- Created by: Robert Dodds Simon Fuller
- Presented by: Miquita Oliver Simon Amstell Alex Zane Alexa Chung
- Country of origin: United Kingdom
- Original language: English

Production
- Running time: 45 minutes
- Production company: At It Productions

Original release
- Network: Channel 4
- Release: 21 January 2001 – 14 July 2007

= Popworld =

Popworld is a British television programme that was broadcast on Channel 4 as part of the T4 strand, featuring pop news, trivia, gossip, interviews and music videos, as well as musical performances from contemporary artists.

The show began on 21 January 2001 and was initially presented by Miquita Oliver and Simon Amstell. Alex Zane and Alexa Chung took over the hosting role in 2006. Popworld was broadcast every Sunday morning on Channel 4 at 10:30am, and repeated on E4 at 2:00pm the following day.
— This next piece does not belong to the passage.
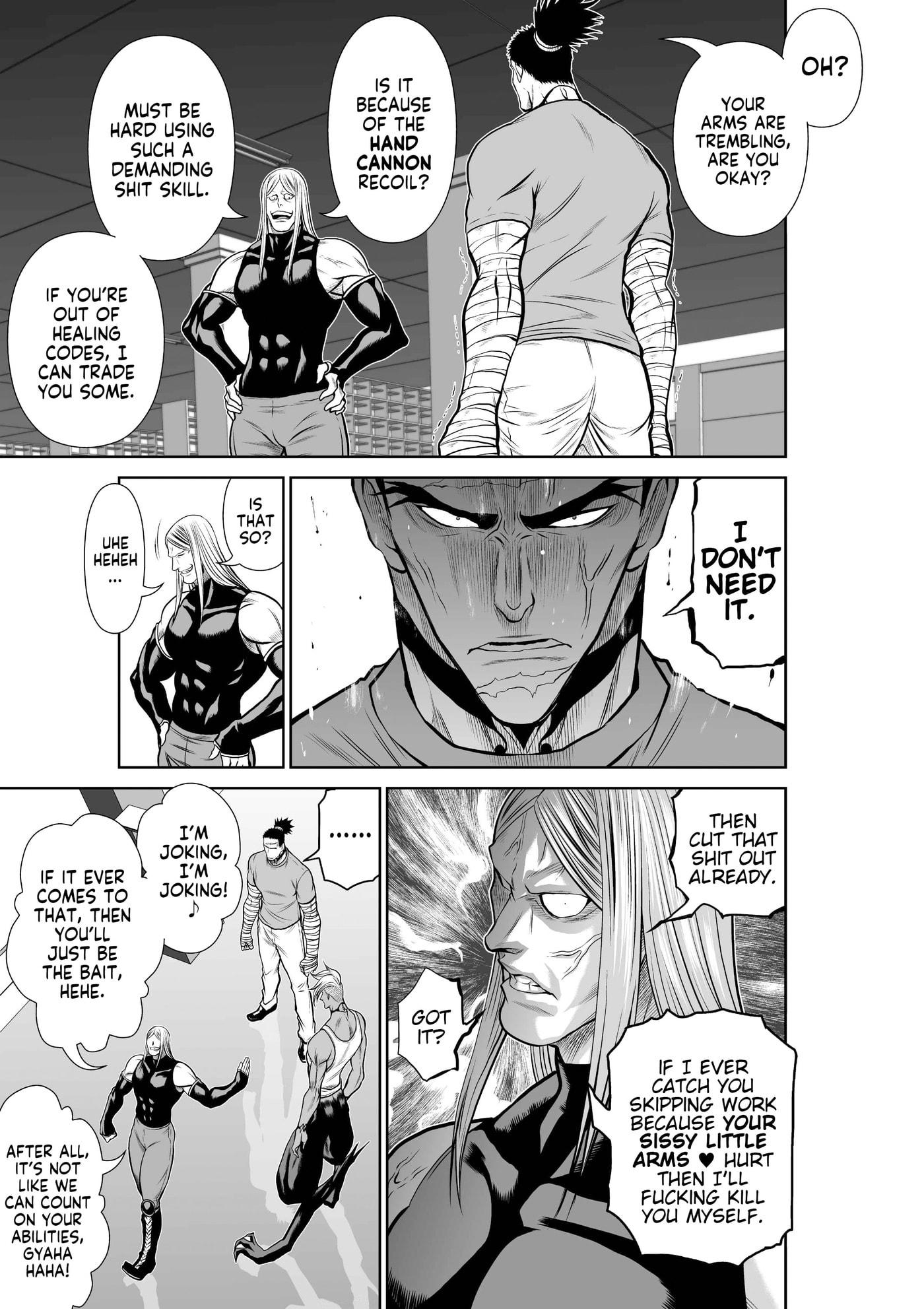 Read One Hundred Storey Tower chapter 45 image 2 on Lezhin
On 27 April 2007, Channel 4 announced they would not be recommissioning the show, and after six years on air, Popworld ended on 14 July 2007.

==History==

Popworld began in 2000 as a website founded by pop mogul Simon Fuller, and the accompanying show (first transmitted daily at teatime on E4) was originally intended for a pre-adolescent audience. The show's original hosts were Nickelodeon presenter Simon Amstell and 16-year-old Miquita Oliver. The original ratings for the programme were dismal, but as Amstell and Oliver gradually warmed to each other (their relationship was strained in the early days) and had greater control of what they could say, the ratings improved. Popworld finally made it on to T4 (Channel 4's youth strand) in the spring of 2001. In the early series, the show featured Leigh Francis as the character Barry Gibson.

During Amstell and Oliver's tenure on the show, it often used surreal humour and small references to Jewish culture in the United Kingdom; for example, Amstell had been shown reading The Jewish Chronicle, as well as making references to festivals and customs. Since its inception, the show gradually grew more and more dry and sarcastic, with singers and bands being subtly, and by 2004 more overtly, mocked. By the end of Amstell and Oliver's tenure on the show, it had gained a cult following as the alternative to limitlessly enthusiastic programmes such as Top of the Pops. Notable events that occurred during their tenure included openly gay Amstell coming on to homophobic reggae star Beenie Man, and Britney Spears walking out of an interview in tears. The Kooks refused to do an interview on their second appearance on the show, after Amstell's repeated references to the singer's ex-girlfriend Katie Melua during their first interview.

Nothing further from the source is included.